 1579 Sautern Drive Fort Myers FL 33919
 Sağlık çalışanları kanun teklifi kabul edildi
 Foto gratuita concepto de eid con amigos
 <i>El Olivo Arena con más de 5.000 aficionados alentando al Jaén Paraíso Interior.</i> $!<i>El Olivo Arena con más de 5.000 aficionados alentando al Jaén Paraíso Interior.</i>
==
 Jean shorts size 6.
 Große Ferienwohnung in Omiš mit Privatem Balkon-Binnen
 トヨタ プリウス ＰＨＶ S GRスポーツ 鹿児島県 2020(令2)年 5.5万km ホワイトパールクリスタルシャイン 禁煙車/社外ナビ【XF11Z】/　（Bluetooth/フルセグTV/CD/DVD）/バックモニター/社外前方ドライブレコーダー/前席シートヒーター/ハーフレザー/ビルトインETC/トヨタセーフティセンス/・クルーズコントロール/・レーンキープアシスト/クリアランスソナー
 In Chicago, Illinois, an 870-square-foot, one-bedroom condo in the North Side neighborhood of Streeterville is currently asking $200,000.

- [The task] The answer is the run of lines above from the line containing "1579 Sautern Drive Fort Myers FL 33919" through the line containing "Paraíso Interior.</i> $!<i>El", copied exactly and alone.

- [Answer below]
 1579 Sautern Drive Fort Myers FL 33919
 Sağlık çalışanları kanun teklifi kabul edildi
 Foto gratuita concepto de eid con amigos
 <i>El Olivo Arena con más de 5.000 aficionados alentando al Jaén Paraíso Interior.</i> $!<i>El Olivo Arena con más de 5.000 aficionados alentando al Jaén Paraíso Interior.</i>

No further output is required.